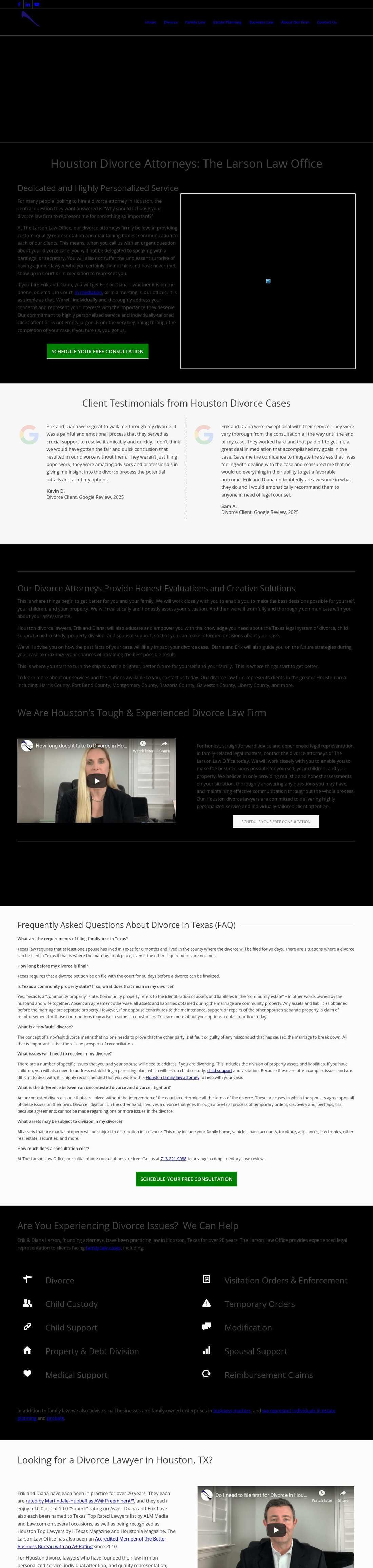The Larson Law Office PLLC - Houston TX Lawyers
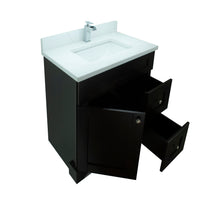 Load image into Gallery viewer, 24" Espresso Damian Vanity with Classique Calcutta Quartz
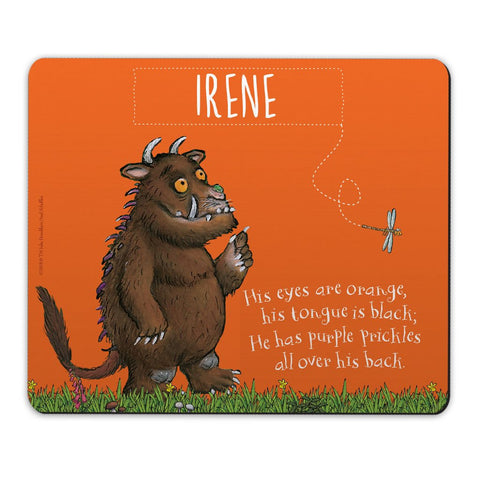 Orange Gruffalo Personalised Mousemat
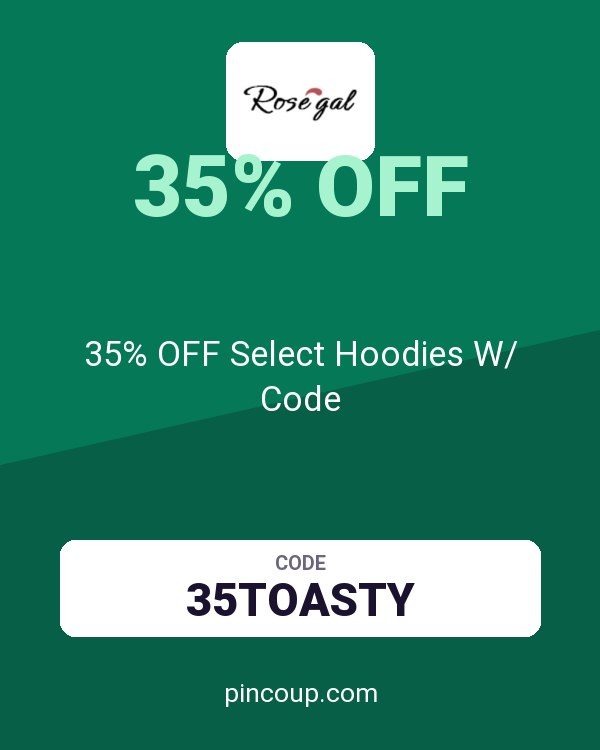 Rosegal coupon: 35% OFF Select Hoodies W/ Code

■ Task directions:
Starting with the line that contains "Load image into", print every line through the end of the data exactly as written; omit all pictures and add nothing else.

■ Your response:
 Load image into Gallery viewer, 24" Espresso Damian Vanity with Classique Calcutta Quartz
 Orange Gruffalo Personalised Mousemat
 Rosegal coupon: 35% OFF Select Hoodies W/ Code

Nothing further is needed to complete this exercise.